Ué, então o meu preto-velho não foi escravo? Amados, a escravidão foi um período negro pelo qual nossa Pátria passou. Período tormentuoso, mas do qual se pode tirar grandes lições. Podemos analisar a vida do escravo e aprender que os bens materiais não são importantes, pois podem nos ser subtraídos a qualquer momento, como aconteceu com eles ao serem arrancados de sua terra natal. Podemos aprender que a esperança e a fé são imprescindíveis em qualquer situação, pois não há mal que sempre dure, como não durou a escravidão. Podemos aprender que títulos de nobreza pouco valem, pois também podem ser retirados, como aconteceu com reis e rainhas negros que se tornaram escravos. Podemos aprender que a humildade é fundamental para quem deseja o progresso espiritual. Enfim, podemos abstrair valorosas lições que nos fazem refletir e melhorar. Nossos amigos espirituais que se apresentam como pretos-velhos sabem disso. E percebem que para melhor nos ensinarem o que é humildade, ou o valor da fé, ou a importância da resignação e da esperança, nada melhor e mais providencial que assumir uma forma perispiritual que evoque tais valores em nossa lembrança.

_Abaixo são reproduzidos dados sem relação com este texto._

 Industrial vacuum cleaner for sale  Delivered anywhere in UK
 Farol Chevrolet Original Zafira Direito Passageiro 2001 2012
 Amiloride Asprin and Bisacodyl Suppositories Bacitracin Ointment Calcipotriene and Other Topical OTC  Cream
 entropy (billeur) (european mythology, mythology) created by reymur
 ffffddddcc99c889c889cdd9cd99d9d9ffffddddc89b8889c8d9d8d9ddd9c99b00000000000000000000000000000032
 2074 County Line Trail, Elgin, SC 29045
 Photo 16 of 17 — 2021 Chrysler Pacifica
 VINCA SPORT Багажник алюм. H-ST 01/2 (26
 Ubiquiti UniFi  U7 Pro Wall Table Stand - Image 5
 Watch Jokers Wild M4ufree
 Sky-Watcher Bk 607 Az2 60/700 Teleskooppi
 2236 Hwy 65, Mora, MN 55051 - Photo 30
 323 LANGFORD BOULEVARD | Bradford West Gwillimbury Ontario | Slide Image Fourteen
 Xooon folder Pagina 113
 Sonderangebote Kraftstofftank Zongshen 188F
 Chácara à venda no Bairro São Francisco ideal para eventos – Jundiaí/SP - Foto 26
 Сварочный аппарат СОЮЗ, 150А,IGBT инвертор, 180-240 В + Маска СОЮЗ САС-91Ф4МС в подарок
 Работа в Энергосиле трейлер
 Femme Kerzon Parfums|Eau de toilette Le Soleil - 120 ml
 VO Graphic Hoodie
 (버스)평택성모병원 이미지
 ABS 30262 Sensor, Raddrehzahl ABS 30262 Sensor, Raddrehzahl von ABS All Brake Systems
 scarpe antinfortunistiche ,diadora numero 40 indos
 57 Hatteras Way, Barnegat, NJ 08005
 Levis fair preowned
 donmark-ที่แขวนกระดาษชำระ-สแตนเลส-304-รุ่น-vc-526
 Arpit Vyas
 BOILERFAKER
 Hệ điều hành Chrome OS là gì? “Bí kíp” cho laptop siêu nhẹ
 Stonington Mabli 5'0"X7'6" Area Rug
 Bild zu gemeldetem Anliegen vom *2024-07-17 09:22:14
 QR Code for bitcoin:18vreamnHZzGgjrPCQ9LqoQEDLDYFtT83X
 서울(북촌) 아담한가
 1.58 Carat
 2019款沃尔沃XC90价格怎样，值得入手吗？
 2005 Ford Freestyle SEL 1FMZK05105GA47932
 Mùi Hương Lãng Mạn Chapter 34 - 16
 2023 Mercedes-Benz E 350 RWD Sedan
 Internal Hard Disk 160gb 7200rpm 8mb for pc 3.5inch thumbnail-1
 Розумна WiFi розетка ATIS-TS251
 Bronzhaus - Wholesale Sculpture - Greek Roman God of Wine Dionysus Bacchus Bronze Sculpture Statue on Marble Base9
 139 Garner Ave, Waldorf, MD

Assim, seguindo os conselhos do próprio Kardec, quando dizia que questionássemos e analisássemos as mensagens, podemos dizer:
Baseados na análise da expectativa média de vida do escravo, na análise da forma perispiritual encurvada, na análise do karma dos escravos e no aspecto psicológico e moral dos mesmos, podemos dizer que aquele que baixa alquebrado, aparentando a fragilidade da idade, fala baixo e pita pacientemente seu cachimbo, é muitíssimo provável que jamais tenha sido escravo no Brasil colonial, mas que tenha encontrado naquela forma por ele adotada, a melhor maneira de nos instruir na fé, na humildade e na correção de nossas imperfeições. Há dúvidas? Pergunte diretamente a ele. Mas pergunte somente se quiser escutar a verdade, pois se ele perceber que você não está pronto, ele manterá a mesma história, pois seu objetivo não é derrubar a sua fé, mas fazer com que você saiba utilizá-la em benefício da própria evolução. Tenha também o cuidado de conversar com pretos velhos incorporados em médiuns experientes e não orgulhosos, pois há muitos médiuns que, tomados pela vaidade, deixam-se levar pelo ANIMISMO e interferem nas mensagens, pois, inconscientemente, num involuntário desejo de massagem do ego, gostariam que os outros soubessem "como o seu preto-velho foi sofredor", e aumentam sobremaneira os sofrimentos contidos nos "contos" e "causos" proferidos pelo espírito. O preto-velho, coitado, pacientemente espera. Aguarda o dia em que a análise racional guiará o trabalho mediúnico. Adorei as Almas!